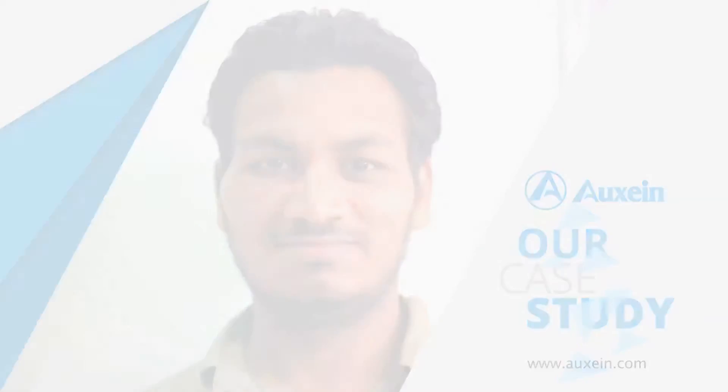I had a fungal infection. First I was infected with my teeth, and then I was infected with the zygomatic bone.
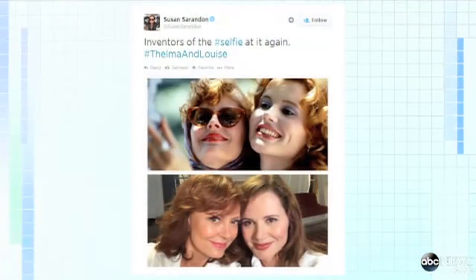Opening hotel room doors is one way to use your phone. Of course, you can also use it to take your selfies. Now Susan Sarandon is claiming on Twitter that she and Gina Davis invented the selfie with her iconic photo in the classic film Thelma and Louise. And what a difference a few decades makes — today we are posting over one million selfies a day on social media.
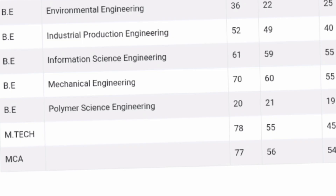Environmental Engineering placed 36 students, up from 25 and 22 in previous years — showing an increasing trend. Industrial Production Engineering went from 40 in 2021 to 49 and now 52 — a good trend. Information Science Engineering placed 55 in 2021, then 59 and 61 — a good option. Mechanical Engineering placed 70 students — one of the higher numbers with a very good trend. Polymer Science and Engineering placed 20 students. MTech had around 78 students placed and MCA around 77.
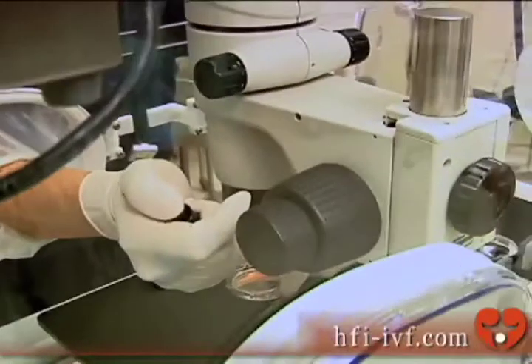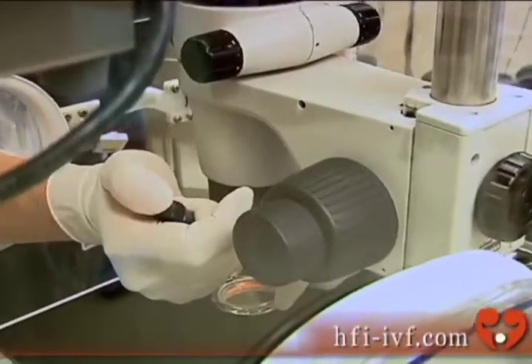The procedure basically entails the male partner in the couple giving a semen sample. The semen sample is then prepared for the intrauterine insemination, and the female partner in the couple then comes in.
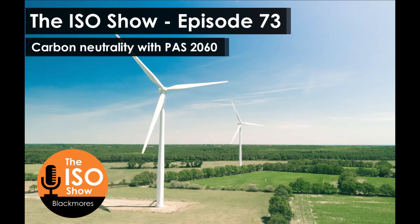PAS 2060 and ISO 14064 work quite well together, because as with other sustainability standards, it's going to be a very useful tool to highlight opportunities for improvement within your organisation. Combined, they will highlight the largest sources of emissions.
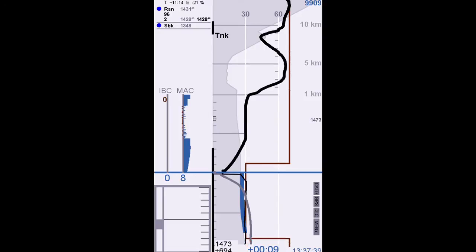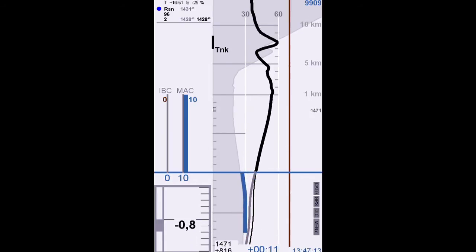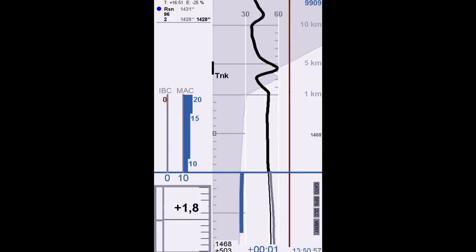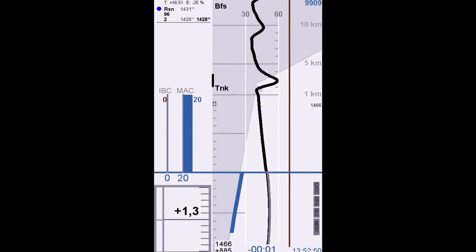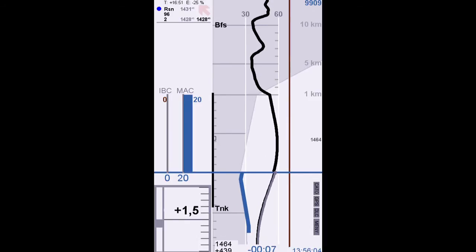The optimum speed profile to the next stop is now shown on the screen. The next run to Reinschern is scheduled to take 40 minutes, which is 16 minutes longer than the shortest possible run. This means that the planned run allows Cato to make good use of the topography in order to minimise energy consumption. In this case, the train will save approximately 25%, as shown on the screen.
======
Exercise :: All of the entries must be reproduced exactly, apart from the pictures, which are to be dropped.

Result of the task ::
I had a fungal infection. First I was infected with my teeth, and then I was infected with the zygomatic bone.
Opening hotel room doors is one way to use your phone. Of course, you can also use it to take your selfies. Now Susan Sarandon is claiming on Twitter that she and Gina Davis invented the selfie with her iconic photo in the classic film Thelma and Louise. And what a difference a few decades makes — today we are posting over one million selfies a day on social media.
Environmental Engineering placed 36 students, up from 25 and 22 in previous years — showing an increasing trend. Industrial Production Engineering went from 40 in 2021 to 49 and now 52 — a good trend. Information Science Engineering placed 55 in 2021, then 59 and 61 — a good option. Mechanical Engineering placed 70 students — one of the higher numbers with a very good trend. Polymer Science and Engineering placed 20 students. MTech had around 78 students placed and MCA around 77.
The procedure basically entails the male partner in the couple giving a semen sample. The semen sample is then prepared for the intrauterine insemination, and the female partner in the couple then comes in.
PAS 2060 and ISO 14064 work quite well together, because as with other sustainability standards, it's going to be a very useful tool to highlight opportunities for improvement within your organisation. Combined, they will highlight the largest sources of emissions.
The optimum speed profile to the next stop is now shown on the screen. The next run to Reinschern is scheduled to take 40 minutes, which is 16 minutes longer than the shortest possible run. This means that the planned run allows Cato to make good use of the topography in order to minimise energy consumption. In this case, the train will save approximately 25%, as shown on the screen.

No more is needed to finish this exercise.